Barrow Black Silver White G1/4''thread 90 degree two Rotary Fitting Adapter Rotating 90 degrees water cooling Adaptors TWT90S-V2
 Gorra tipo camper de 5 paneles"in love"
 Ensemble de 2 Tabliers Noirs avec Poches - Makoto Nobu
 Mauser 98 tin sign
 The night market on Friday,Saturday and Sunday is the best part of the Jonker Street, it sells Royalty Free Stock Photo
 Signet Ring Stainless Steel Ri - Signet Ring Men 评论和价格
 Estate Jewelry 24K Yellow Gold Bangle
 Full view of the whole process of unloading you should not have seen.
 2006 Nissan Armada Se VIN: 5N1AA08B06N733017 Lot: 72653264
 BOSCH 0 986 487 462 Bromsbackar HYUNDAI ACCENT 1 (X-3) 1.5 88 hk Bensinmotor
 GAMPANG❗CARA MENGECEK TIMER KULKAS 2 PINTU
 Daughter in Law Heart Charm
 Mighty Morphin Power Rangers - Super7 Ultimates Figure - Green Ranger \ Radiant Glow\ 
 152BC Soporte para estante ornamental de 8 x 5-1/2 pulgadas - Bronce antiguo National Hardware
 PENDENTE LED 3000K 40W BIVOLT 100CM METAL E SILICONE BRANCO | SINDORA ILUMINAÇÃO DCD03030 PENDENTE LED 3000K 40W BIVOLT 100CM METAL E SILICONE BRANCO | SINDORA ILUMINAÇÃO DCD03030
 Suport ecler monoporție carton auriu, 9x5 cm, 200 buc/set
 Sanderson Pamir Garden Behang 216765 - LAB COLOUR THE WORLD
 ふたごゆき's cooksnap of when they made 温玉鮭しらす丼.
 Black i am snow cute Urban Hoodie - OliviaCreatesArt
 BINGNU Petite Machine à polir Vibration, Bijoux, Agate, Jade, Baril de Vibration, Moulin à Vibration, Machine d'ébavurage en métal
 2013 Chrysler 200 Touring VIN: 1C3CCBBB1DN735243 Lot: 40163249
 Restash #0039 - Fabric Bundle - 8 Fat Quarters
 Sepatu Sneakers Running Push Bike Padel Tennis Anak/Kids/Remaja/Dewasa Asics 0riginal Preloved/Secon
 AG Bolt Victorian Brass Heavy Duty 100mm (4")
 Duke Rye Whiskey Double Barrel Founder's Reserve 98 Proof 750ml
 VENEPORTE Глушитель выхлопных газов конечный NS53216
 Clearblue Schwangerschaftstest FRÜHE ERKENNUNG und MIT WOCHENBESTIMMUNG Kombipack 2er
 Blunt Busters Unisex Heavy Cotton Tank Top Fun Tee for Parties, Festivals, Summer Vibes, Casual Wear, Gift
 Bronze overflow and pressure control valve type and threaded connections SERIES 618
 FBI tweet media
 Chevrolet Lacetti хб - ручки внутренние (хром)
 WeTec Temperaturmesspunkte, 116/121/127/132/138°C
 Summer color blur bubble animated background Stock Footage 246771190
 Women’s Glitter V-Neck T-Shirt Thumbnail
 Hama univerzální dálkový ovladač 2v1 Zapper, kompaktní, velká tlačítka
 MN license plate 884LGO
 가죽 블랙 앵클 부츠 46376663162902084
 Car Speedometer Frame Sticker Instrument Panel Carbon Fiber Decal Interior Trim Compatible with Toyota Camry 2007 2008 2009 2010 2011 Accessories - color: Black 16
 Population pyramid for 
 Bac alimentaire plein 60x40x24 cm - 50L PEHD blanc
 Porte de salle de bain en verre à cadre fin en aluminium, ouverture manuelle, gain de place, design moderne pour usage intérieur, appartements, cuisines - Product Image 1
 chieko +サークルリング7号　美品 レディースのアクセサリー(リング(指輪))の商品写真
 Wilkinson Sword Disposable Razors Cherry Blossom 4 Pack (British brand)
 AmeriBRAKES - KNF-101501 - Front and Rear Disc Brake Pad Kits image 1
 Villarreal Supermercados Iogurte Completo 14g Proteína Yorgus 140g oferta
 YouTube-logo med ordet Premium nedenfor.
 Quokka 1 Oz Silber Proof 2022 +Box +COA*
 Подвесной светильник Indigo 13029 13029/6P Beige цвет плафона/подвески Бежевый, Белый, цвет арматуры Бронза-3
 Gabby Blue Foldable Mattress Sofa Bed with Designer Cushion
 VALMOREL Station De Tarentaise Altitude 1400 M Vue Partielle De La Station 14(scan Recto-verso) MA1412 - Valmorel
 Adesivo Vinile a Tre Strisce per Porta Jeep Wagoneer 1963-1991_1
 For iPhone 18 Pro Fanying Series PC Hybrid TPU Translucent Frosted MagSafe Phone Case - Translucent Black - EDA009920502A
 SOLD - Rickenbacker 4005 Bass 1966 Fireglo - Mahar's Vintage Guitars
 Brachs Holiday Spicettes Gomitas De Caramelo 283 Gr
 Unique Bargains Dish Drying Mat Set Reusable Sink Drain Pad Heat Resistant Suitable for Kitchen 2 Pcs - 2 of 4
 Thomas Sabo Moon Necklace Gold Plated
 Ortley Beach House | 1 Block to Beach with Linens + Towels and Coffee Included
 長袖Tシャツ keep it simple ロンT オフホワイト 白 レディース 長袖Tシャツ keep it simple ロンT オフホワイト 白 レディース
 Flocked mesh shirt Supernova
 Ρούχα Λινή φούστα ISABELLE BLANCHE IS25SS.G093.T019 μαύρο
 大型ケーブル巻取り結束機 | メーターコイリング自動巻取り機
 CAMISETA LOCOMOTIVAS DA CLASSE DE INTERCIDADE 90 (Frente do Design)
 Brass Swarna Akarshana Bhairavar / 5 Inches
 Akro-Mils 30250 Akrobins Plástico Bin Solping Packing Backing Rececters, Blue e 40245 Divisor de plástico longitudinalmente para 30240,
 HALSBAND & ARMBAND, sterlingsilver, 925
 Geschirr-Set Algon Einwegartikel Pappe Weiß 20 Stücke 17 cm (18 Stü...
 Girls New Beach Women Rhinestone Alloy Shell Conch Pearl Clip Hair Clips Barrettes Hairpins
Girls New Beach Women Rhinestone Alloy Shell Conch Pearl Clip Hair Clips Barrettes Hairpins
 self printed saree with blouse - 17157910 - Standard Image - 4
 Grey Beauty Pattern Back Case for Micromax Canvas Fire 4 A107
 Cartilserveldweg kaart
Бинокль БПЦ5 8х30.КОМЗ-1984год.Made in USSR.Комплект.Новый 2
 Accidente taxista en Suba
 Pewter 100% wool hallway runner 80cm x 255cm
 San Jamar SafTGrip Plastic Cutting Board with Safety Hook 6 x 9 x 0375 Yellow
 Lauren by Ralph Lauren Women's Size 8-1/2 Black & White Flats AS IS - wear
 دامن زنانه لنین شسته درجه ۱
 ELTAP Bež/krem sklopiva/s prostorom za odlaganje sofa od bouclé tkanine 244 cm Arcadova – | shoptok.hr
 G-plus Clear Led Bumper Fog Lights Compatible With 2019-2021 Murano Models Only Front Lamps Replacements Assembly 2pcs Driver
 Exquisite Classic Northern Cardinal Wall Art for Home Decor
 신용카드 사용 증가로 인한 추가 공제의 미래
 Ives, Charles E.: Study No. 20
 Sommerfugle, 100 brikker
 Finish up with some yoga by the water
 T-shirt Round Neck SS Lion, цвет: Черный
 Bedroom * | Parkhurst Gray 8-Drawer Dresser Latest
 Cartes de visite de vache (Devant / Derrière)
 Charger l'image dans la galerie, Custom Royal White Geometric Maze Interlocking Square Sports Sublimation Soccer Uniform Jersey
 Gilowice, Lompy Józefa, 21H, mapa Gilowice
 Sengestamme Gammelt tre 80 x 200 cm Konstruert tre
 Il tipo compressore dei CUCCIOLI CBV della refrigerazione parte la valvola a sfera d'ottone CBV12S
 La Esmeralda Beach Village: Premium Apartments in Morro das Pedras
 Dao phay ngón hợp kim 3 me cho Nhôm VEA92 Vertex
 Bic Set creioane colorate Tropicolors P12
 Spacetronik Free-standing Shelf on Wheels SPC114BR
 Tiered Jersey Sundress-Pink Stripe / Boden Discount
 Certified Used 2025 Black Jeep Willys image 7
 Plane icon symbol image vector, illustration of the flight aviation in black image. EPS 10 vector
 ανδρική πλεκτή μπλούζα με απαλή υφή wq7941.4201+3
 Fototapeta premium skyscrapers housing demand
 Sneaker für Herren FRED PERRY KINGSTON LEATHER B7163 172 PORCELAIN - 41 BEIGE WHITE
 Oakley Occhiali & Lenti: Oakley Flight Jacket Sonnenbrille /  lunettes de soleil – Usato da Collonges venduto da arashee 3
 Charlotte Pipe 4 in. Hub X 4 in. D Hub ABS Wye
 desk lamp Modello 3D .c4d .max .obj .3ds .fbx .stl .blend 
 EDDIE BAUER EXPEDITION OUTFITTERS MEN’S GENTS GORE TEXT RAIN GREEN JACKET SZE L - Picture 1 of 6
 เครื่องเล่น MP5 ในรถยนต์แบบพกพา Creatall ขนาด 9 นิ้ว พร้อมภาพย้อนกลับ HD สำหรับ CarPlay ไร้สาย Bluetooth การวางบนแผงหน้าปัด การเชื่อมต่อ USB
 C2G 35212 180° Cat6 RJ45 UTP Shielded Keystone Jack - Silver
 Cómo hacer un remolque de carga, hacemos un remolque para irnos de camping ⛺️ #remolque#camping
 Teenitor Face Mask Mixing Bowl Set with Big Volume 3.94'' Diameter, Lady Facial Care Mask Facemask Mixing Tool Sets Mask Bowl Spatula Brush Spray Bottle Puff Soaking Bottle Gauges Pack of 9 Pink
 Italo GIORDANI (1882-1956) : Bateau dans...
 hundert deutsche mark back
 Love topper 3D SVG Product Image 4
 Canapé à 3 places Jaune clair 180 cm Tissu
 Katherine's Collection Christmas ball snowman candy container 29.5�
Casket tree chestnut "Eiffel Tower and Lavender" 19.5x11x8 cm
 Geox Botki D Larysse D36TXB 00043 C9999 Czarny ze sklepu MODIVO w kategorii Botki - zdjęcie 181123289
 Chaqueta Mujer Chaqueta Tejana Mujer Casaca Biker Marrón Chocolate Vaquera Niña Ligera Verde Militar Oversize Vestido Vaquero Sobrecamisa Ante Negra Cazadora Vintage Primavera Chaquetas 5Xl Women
• • • • • • •
Task directions. Scan the data above for the string "Jersey" and copy each line where it appears.

Solution.
 Charger l'image dans la galerie, Custom Royal White Geometric Maze Interlocking Square Sports Sublimation Soccer Uniform Jersey
 Tiered Jersey Sundress-Pink Stripe / Boden Discount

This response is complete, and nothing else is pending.